4.11. The Services are provided strictly and solely for Private Use and they shall be used only by the Subscriber or by persons residing with the Subscriber in the Premises. The direct or indirect supply or resale of services to third parties is prohibited.
4.12. The Company is not responsible for any failure or difficulty in the use of the Services which is due to the unsuitability or incompatibility of the terminal or other equipment of the Subscriber and is not responsible for any replacement, maintenance or upgrading of such equipment.
4.13. Broadband access services are generally provided, unless otherwise stated in the Special Conditions, without a fixed or public Internet Protocol (IP) address.
4.14. Subject to any obligation deriving from Legislation, the Company does not guarantee that the Services will be uninterrupted, on time, secure and/or without any problems.

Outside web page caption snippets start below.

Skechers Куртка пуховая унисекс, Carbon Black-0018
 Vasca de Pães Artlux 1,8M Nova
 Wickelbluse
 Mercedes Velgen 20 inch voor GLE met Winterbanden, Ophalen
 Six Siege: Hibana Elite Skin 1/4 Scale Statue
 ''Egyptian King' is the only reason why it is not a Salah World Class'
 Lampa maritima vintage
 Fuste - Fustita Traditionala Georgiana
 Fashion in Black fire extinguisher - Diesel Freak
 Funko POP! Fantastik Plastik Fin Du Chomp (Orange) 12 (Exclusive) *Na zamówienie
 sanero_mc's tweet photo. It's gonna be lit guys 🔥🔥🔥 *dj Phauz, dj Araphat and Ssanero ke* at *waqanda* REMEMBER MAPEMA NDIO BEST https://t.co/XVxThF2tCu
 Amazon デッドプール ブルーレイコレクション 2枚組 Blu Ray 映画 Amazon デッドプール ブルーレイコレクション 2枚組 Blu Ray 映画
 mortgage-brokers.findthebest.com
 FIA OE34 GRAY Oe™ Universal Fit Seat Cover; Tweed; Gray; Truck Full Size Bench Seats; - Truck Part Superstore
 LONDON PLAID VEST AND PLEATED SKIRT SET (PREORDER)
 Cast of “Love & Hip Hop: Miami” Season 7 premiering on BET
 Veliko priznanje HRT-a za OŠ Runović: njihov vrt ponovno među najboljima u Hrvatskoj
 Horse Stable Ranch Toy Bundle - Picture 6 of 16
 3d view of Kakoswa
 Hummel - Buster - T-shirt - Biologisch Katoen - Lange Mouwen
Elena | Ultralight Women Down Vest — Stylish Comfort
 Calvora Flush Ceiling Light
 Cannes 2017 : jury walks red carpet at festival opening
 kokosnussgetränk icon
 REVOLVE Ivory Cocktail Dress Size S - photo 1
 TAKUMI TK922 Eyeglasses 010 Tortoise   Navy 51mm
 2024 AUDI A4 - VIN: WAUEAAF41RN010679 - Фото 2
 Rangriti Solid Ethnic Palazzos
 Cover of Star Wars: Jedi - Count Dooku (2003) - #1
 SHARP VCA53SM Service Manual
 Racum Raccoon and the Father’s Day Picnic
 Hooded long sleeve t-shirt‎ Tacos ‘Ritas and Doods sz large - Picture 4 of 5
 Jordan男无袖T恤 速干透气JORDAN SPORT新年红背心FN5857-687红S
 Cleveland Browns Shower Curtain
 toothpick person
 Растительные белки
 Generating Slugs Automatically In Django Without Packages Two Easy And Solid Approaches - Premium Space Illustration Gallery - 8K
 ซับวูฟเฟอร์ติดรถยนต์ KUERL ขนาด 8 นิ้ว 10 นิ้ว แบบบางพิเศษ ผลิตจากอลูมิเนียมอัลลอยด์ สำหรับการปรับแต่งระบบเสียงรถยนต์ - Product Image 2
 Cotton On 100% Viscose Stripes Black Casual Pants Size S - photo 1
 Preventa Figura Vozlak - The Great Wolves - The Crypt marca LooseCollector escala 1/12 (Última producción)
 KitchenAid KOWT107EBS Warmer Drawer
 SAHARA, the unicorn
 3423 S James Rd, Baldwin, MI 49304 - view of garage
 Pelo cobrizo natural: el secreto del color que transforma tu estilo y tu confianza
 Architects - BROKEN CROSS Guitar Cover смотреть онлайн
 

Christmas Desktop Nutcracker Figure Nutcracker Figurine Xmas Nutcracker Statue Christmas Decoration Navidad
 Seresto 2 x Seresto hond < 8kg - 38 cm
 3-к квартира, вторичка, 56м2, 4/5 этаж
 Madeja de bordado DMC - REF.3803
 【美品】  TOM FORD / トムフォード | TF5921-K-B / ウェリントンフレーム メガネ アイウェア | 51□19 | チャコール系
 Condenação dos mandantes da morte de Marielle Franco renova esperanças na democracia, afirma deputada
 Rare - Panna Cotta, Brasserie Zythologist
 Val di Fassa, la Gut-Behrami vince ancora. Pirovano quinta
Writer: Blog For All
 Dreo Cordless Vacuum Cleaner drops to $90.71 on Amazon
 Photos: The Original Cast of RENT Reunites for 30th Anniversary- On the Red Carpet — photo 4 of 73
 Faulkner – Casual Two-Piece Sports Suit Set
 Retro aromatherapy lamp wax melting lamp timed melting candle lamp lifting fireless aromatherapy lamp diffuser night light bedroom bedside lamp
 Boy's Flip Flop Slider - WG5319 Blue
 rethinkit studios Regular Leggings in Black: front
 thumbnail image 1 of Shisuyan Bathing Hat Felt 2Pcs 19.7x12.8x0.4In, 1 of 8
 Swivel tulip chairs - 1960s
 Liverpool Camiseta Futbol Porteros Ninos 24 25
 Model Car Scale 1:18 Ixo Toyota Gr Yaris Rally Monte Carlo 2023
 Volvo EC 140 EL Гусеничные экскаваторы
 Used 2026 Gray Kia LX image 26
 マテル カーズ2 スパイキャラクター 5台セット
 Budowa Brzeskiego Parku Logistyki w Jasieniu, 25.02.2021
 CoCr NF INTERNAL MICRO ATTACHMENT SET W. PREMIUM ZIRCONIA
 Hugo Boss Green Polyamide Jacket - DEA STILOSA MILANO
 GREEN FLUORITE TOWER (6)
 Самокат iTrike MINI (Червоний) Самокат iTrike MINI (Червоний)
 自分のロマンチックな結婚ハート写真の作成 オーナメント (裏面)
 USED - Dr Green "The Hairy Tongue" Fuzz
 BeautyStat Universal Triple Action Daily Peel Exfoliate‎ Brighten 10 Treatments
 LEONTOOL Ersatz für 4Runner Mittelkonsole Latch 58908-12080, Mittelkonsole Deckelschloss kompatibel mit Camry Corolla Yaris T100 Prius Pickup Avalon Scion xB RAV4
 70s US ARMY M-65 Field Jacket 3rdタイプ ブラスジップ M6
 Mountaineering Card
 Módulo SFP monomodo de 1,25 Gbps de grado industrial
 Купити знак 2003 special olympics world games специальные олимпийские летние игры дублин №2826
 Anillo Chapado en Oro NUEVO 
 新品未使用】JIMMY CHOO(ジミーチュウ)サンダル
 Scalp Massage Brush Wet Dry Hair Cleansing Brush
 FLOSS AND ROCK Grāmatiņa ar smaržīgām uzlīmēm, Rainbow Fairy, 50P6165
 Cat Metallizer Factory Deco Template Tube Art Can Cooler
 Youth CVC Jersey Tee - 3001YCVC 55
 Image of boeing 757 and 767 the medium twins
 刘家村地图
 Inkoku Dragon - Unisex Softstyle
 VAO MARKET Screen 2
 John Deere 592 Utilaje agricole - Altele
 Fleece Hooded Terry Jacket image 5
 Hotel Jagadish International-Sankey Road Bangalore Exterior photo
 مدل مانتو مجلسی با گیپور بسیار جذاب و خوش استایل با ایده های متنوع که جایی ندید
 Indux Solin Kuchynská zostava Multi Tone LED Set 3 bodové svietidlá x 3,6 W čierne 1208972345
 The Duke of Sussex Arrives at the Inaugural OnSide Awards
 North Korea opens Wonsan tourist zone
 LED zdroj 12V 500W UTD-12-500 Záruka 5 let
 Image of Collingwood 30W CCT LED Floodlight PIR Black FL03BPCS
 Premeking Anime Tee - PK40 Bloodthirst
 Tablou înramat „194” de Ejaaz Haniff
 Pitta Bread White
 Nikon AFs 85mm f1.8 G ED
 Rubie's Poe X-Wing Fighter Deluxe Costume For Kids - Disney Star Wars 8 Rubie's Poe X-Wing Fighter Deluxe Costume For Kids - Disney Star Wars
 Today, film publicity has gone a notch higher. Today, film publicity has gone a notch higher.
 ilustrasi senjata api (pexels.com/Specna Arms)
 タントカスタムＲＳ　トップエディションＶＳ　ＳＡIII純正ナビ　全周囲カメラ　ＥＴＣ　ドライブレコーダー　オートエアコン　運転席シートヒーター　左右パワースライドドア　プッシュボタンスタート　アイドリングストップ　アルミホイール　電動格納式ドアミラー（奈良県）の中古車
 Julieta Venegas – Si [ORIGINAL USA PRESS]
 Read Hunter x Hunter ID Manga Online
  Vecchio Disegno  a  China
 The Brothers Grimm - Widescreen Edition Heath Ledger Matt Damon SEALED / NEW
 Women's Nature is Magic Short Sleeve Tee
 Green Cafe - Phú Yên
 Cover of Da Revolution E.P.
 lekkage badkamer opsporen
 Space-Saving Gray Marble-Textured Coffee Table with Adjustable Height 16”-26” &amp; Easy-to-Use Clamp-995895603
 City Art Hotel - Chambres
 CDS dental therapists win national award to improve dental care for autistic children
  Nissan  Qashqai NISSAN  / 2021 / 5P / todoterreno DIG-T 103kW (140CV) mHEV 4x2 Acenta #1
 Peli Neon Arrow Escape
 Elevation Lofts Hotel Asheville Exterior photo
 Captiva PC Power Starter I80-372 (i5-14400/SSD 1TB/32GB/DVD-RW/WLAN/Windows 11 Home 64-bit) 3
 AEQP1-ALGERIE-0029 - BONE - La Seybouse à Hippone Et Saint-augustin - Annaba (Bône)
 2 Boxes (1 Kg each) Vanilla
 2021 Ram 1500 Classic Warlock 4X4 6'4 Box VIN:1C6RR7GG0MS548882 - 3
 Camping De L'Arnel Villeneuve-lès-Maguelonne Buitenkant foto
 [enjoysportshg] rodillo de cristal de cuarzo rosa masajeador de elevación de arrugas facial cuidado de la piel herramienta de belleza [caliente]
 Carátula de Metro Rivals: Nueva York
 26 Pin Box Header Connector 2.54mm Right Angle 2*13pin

4.15. The Company examines complaints or requests submitted in writing by the Subscriber in relation to the order, installation, commencement or termination, invoicing, quality of the services, repair of any damage or other matters related to the Services, within a reasonable time of their submission.
5. SUBSCRIBER OBLIGATIONS
5.1. The Subscriber warrants the truth and accuracy of the information which he provides to the Company at any time and is obliged to notify the Company in writing of any change in the information provided within five (5) working days of the change.
5.2. The Subscriber is obliged to use the Services in accordance with the Legislation in force from time to time, good faith and commercial practice and ethical conduct and is prohibited from using the Services in a way that causes problems or obstacles to the provision of services by the Company to other persons and/or to the use of the services, including the level of quality thereof, by any other subscriber.
5.3. The Subscriber is obliged to permit authorized persons of the Company to enter the Premises and to allow them access to the electricity and telecommunications network which is installed there, for the purposes of connecting the Services, installing the Equipment, maintaining or repairing the Network or the Equipment or of any other acts related to the execution of this Agreement. The Subscriber is obliged to indicate to such authorized persons the exact location of the covered parts of any other installations (such as electricity, water, etc.) of the Premises or of the building in which the Premises are situated, in order to prevent damage to such installations and consequential loss. The Subscriber shall be responsible for the safety of these persons and must indicate to them any potential risks. The Subscriber must secure in time any third party consent which is required for the said access and/or execution of the above mentioned works and/or other acts.
5.4. The Subscriber is responsible and the Company bears no responsibility for the proper functioning of the internal network of the Premises after the Installation Point.
5.5. The Subscriber is not entitled to interfere or allow or tolerate the interference in any manner with the Network or Equipment, except as expressly provided in this Agreement.
5.6. The Subscriber must notify the Company of his intention to connect any specialized equipment (e.g. alarm, fax, POS, etc.) to the Network or the Equipment.
5.7. In case of breach of any obligation of the Subscriber under the terms of this Agreement, the Company, without prejudice to the right to terminate this Agreement or to its right to claim damages or to any other legal rights it may have, may suspend or temporarily disconnect the Services without any notice and the Subscriber will be obliged to pay any costs of disconnection, reactivation, reconnection and/or any other costs based on the official pricelist of the Company in force from time to time, depending on the circumstances.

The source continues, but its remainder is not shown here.